So, without further ado, let's all plunge headfirst into the mesmerising litany* of Things That Make Me Anxious Or Otherwise Unsettled:

Clear blue skies
Stretch limos
Hard chairs
Signing my name

And here's a nice list of Things That Make Me Really Quite Happy:

The autumn
Swinging indie songs with swearing in them
Anything with upwards of three meanings
Fancy underwear
Long walks
Getting up really really early

There now, I feel happy just looking at that list. Mmmm.

* Witness the Tom Cruise-like panache with which I mix metaphors!

Tuesday, January 17, 2006


Hear ye, hear ye, all those who read this blog and reside in "the posh bit" of Kentish Town!

You have approximately three hours to don your best punk t-shirt and anarcho jeans ensemble and get to The Bull & Gate to witness The Gig That Anarchic Hand Tried Not To Promote.

The electro-punk rock chick, some or fewer British Net Celebrities, and I will be in the bar from 9pm. As will a lot of other people, probably. I'm the diminutive blonde one with scruffy hair.

Yeah. Like *that's* going to work...

Monday, January 16, 2006

Gay Cowboy Movie: A Very Brief Review

Why did no one warn me that the gay cowboy movie was going to be that sad?


Saturday, January 14, 2006

Must... Control... Fist... Of... Death

I can’t not write about the Weekend FT any more, it’s making me so angry. In a moment of fiscal weakness last year I arranged to have the Financial Times delivered to my flat every morning, and on Saturday mornings it’s become my habit to read the weekend edition in bed with a nice cup of coffee.

I thought this would keep me up to date with what’s happening in the world of business*, but instead it just fills me with uncontrollable, coffee-spilling RAGE.

First of all, that paper is just so straight. If you compiled a list of things that the Weekend FT deems to be cool, it would look like this: hotel lobbies, diamonds, watches, swanky restaurants, skiing, Zurich. Jesus. (That last one is an expletive, incidentally).

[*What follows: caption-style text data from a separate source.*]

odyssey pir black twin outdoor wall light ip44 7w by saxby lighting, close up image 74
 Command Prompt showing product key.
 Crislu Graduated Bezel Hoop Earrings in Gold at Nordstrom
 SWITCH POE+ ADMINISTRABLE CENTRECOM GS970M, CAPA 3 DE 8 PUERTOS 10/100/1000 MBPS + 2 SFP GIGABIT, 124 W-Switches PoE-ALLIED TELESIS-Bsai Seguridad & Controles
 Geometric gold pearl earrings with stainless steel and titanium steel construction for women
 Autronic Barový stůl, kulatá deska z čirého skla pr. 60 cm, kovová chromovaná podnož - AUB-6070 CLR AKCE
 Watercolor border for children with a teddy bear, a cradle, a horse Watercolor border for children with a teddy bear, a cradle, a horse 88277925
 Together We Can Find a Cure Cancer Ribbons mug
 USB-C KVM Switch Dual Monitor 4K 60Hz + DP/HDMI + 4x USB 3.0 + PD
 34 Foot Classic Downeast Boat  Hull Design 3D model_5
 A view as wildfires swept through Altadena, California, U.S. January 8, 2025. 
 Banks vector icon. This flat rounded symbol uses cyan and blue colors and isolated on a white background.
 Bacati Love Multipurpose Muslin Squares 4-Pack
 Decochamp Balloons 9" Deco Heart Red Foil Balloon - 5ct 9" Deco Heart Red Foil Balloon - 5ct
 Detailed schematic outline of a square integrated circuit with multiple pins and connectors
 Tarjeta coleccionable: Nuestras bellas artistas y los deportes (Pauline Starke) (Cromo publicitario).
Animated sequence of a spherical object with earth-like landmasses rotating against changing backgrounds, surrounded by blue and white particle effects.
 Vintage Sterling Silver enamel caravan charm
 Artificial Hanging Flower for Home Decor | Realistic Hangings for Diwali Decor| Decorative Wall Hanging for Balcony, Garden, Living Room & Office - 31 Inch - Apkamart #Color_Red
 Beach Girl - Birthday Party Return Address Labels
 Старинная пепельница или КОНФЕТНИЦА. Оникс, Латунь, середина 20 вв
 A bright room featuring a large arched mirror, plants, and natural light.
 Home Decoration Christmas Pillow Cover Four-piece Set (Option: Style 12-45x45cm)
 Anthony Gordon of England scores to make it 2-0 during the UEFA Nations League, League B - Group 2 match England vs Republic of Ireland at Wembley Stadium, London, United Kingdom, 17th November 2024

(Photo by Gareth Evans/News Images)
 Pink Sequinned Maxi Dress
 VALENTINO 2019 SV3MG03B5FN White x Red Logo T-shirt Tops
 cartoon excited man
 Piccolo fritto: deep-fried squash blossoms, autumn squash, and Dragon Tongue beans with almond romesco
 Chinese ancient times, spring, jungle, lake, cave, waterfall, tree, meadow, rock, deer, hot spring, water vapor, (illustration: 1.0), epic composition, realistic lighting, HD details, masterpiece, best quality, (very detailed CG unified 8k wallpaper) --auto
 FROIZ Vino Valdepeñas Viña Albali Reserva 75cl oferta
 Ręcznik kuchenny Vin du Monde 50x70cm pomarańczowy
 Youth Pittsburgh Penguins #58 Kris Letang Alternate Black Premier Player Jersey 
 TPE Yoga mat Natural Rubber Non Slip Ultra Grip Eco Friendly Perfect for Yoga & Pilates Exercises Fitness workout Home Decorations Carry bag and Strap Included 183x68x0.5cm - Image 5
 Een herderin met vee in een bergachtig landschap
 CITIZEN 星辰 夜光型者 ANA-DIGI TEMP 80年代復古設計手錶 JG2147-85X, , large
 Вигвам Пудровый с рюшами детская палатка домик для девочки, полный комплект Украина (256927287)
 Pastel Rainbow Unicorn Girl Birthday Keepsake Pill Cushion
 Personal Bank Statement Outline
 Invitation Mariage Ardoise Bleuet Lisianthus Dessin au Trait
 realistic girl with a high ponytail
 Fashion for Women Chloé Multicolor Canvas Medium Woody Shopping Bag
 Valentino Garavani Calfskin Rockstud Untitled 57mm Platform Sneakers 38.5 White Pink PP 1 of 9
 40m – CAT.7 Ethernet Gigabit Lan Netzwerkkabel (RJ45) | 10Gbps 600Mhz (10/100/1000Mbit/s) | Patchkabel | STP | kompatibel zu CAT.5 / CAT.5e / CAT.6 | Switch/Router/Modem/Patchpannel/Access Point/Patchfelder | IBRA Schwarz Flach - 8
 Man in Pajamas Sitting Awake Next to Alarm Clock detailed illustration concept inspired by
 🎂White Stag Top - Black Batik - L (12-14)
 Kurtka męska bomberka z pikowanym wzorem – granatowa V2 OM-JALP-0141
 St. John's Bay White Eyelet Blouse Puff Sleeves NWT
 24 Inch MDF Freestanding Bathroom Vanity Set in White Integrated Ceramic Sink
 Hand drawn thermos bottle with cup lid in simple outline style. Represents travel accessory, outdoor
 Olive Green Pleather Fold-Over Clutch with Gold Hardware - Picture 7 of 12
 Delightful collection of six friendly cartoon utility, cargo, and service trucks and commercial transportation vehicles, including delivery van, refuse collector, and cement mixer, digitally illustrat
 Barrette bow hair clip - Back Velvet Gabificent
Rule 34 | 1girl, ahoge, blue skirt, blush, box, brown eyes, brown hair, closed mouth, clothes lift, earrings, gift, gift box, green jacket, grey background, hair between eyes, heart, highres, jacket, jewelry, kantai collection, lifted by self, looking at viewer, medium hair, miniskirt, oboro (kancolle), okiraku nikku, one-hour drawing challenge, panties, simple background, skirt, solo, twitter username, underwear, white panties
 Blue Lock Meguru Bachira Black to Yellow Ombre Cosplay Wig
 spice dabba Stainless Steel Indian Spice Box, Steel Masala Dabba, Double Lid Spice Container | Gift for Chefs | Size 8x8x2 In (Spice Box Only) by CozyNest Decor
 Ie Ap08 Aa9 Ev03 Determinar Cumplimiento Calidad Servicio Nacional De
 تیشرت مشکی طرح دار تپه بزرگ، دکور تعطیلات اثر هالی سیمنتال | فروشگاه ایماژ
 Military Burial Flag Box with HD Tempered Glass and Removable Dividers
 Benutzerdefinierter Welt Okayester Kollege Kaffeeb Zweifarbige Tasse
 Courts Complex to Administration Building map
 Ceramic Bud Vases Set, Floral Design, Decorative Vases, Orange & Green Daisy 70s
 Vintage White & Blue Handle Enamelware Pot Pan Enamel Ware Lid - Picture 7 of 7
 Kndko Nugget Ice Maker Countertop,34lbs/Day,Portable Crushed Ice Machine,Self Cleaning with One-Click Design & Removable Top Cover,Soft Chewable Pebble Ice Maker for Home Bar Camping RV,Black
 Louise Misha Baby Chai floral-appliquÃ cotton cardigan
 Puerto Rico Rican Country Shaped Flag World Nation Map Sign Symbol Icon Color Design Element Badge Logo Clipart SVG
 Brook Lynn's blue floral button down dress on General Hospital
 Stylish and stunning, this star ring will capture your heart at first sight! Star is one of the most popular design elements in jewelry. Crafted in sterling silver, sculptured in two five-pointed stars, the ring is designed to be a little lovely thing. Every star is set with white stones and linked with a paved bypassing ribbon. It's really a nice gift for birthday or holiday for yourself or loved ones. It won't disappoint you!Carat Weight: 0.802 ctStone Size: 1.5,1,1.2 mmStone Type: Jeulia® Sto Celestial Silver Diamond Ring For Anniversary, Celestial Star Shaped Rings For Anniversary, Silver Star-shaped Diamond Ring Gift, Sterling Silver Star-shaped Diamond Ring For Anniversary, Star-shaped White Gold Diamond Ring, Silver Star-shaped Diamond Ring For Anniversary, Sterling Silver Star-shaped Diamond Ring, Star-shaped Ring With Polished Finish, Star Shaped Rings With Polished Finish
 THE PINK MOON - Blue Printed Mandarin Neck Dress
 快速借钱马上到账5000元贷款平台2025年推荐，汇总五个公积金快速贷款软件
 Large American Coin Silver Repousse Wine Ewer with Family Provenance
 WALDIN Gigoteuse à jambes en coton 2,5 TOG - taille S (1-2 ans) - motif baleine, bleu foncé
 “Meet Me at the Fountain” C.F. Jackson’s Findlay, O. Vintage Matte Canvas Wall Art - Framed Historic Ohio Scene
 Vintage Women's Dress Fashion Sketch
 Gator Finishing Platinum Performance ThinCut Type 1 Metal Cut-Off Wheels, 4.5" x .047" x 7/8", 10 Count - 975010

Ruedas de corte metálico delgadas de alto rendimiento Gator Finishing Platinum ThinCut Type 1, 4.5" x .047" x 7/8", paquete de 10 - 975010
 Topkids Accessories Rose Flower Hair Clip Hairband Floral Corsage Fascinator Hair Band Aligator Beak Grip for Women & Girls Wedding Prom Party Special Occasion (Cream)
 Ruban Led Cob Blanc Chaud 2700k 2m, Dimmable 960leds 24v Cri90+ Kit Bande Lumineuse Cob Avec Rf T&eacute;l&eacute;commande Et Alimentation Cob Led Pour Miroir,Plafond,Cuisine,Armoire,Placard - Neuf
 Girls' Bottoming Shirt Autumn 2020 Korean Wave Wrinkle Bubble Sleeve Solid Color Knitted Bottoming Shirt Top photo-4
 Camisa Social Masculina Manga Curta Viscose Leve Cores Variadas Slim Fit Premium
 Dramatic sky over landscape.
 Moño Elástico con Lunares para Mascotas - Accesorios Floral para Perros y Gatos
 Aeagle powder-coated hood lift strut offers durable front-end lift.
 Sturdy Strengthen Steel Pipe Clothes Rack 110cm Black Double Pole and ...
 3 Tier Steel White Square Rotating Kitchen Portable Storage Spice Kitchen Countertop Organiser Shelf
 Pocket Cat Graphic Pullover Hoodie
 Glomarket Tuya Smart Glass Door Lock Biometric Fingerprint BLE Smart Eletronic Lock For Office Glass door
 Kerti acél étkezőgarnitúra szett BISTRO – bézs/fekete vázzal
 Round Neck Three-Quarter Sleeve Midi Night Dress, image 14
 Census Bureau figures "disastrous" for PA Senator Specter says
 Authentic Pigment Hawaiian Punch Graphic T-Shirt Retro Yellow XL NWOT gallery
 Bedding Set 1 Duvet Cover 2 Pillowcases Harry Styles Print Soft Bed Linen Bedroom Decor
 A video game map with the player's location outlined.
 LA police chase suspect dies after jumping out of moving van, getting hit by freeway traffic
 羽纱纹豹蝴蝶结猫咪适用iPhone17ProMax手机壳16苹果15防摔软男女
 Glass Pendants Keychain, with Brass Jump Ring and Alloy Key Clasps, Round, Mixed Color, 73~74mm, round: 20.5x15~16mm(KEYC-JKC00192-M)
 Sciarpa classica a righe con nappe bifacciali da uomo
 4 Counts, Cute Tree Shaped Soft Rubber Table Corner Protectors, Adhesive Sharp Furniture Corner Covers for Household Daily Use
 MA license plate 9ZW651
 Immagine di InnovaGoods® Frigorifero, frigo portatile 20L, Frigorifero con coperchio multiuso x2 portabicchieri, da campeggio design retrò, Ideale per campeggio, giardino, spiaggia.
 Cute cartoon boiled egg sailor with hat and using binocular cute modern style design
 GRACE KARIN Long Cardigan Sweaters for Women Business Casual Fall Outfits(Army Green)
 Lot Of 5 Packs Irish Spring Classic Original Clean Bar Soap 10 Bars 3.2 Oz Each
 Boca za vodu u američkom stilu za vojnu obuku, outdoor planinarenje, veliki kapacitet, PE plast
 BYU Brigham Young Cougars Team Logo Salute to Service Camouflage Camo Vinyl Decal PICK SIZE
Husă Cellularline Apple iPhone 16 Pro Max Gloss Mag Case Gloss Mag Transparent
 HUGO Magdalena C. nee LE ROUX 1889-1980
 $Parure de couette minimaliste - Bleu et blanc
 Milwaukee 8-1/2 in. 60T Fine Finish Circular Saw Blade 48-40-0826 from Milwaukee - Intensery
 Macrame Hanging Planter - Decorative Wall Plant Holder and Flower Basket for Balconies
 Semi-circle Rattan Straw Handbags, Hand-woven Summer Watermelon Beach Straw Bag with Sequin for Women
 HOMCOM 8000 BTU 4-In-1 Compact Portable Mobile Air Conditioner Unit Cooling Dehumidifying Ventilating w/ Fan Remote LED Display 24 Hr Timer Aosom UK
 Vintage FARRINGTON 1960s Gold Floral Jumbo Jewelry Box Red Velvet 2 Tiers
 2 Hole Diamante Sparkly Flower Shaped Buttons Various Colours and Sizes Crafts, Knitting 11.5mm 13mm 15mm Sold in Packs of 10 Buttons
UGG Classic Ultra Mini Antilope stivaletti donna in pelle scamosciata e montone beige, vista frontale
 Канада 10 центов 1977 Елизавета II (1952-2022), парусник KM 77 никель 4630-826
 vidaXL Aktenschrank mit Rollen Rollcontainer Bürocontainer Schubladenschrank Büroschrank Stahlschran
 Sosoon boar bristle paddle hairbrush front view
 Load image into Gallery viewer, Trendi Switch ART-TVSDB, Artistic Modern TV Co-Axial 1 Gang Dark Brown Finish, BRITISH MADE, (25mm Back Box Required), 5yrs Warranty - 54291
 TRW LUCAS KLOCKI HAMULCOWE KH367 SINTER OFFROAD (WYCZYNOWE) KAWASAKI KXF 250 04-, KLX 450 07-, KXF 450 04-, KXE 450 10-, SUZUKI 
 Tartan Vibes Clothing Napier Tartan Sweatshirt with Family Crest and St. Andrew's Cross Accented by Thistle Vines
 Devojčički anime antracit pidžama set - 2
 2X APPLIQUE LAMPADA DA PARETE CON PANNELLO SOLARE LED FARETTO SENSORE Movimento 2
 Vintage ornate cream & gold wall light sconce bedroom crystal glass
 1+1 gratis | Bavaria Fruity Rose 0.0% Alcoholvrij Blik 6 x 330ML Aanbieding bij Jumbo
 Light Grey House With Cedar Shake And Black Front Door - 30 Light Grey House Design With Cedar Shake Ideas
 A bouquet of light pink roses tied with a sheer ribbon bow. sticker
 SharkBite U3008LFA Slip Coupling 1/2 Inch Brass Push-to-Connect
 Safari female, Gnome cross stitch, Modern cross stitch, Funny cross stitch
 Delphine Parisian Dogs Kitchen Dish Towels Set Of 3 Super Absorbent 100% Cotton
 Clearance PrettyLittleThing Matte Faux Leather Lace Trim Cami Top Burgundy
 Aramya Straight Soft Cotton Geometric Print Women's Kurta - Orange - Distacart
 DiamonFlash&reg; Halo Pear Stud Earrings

But in a masterstroke of poor timing, this morning the FT decided that what’s *really* cool is – gasp! – smoking cigarettes. It’s the 14th of January! I - and no doubt thousands of other FT readers - are fourteen days (give or take) into a new non-smoking régime, and what we don't need is some straight-laced business paper telling us that smoking is actually pretty hip, dontcha know.

So turning the page quickly away from the article about how smoking is really sexy and seductive and how giving it up destroys all creativity and you might as well condemn yourself to a life of eternal mediocrity etc. etc., I discovered an even more contemptible article, which was a review of a book about the economics of online gaming.

The FT seemed to want to atone for having gone slightly off the rails with the whole smoking-is-so-cool-and-bohemian thing, because this one was pure, soulless, City-boy rubbish.

“Online role-playing games are..hardly worth scholarly analysis”, sneers the reviewer, before becoming slightly aroused at the discovery that RPGs have economies that have spilled over into the real world, with people buying weapons and stuff on eBay.

He concedes that this might be quite interesting if these economies were really big, but as it stands, they’re actually quite pathetic. “All the synthetic economies put together…are about the size of Bosnia-Herzegovina,” he notes, laying the blame for this squarely at the door of the hapless losers who’ve spent years in World of Warcraft but *still* haven’t managed to create so much as a single in-game hotel lobby where one can purchase diamonds and expensive watches while planning one's next ski trip to Zurich.

Yes, according to the FT, the trouble with RPGs is that no one who plays them is sufficiently motivated by good old Western patriarchal capitalist greed. "There is no technological progress, little gain from specialisation and no opportunity to invest in capital stock," the reviewer moans about World of Warcraft. No, what these games really need is a bunch of wine-bar wankers to take over and set them straight. "For me, the interesting moment will come when - if? - a world with the popular appeal of Warcraft or Star Wars Galaxies allows entrepreneurial players to invest and invent," he says.

Which just goes to prove my theory - well, it's either mine or Antonio Gramsci's - that wherever there are people minding their own business and having a nice time, you can bet that sooner or later the whole place will be over-run by hordes of twats who want to ban it, trash it, or sell it back to them. It happened to the Neanderthals and it'll happen again. Oh yes.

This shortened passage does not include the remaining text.